# Accountant in Malaysia



## Dom111 (Apr 17, 2018)

Hello all!

I am a 2yr post qualified ACA and have been looking for the last month or so at opportunities in Malaysia as myself and my girlfriend would love to make the move across from the UK.

I am really struggling to find any jobs online for which I could interview for before making the move- are there any recruiters specialising in relocation anyone knows of? Is this just a pipe dream or are qualified accountants in demand as I have read?

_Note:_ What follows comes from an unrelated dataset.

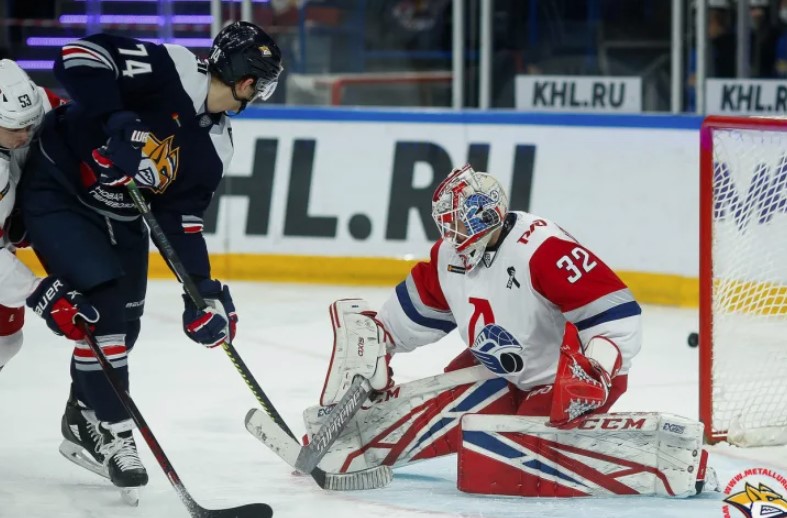 Хоккей. КХЛ | РЕГУЛЯРНЫЙ СЕЗОН. Металлург - Локомотив. Прогноз: П2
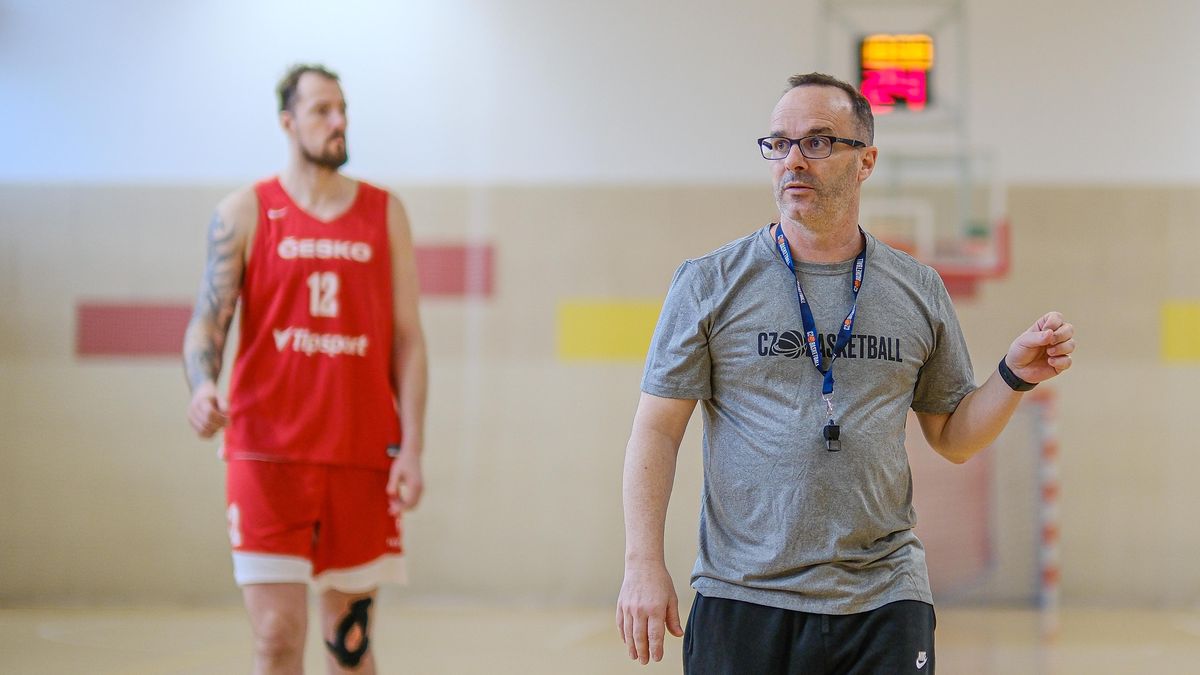 Kouč basketbalistů před Řeckem nabádá: Vedeme o dvanáct? Vyhrajme o čtrnáct!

Thanks and sorry for the basic questions. I’m very keen to get the ball rolling.

Thanks so much
Dom


----------



## Asian Spirit (Mar 1, 2010)

Dom111 said:


> Hello all!
> 
> I am a 2yr post qualified ACA and have been looking for the last month or so at opportunities in Malaysia as myself and my girlfriend would love to make the move across from the UK.
> 
> ...


Howdy and welcome to the site. The Malaysia page tends to be a bit slow. Countries like Malaysia, Thailand, and the Philippines can be good places to live. However, these are countries with very little work available and are best suited for retirement rather than for those in their working years.
Some countries such as the Philippines where we live have laws in place that prohibit hiring a foreigner for a job that a local can do or is qualified for. Hopefully you'll be able to find something suitable. Also, be sure to learn and understand their immigration laws for moving there as it may not be possible to get a resident visa.



Best Of Luck

Asian Spirit


----------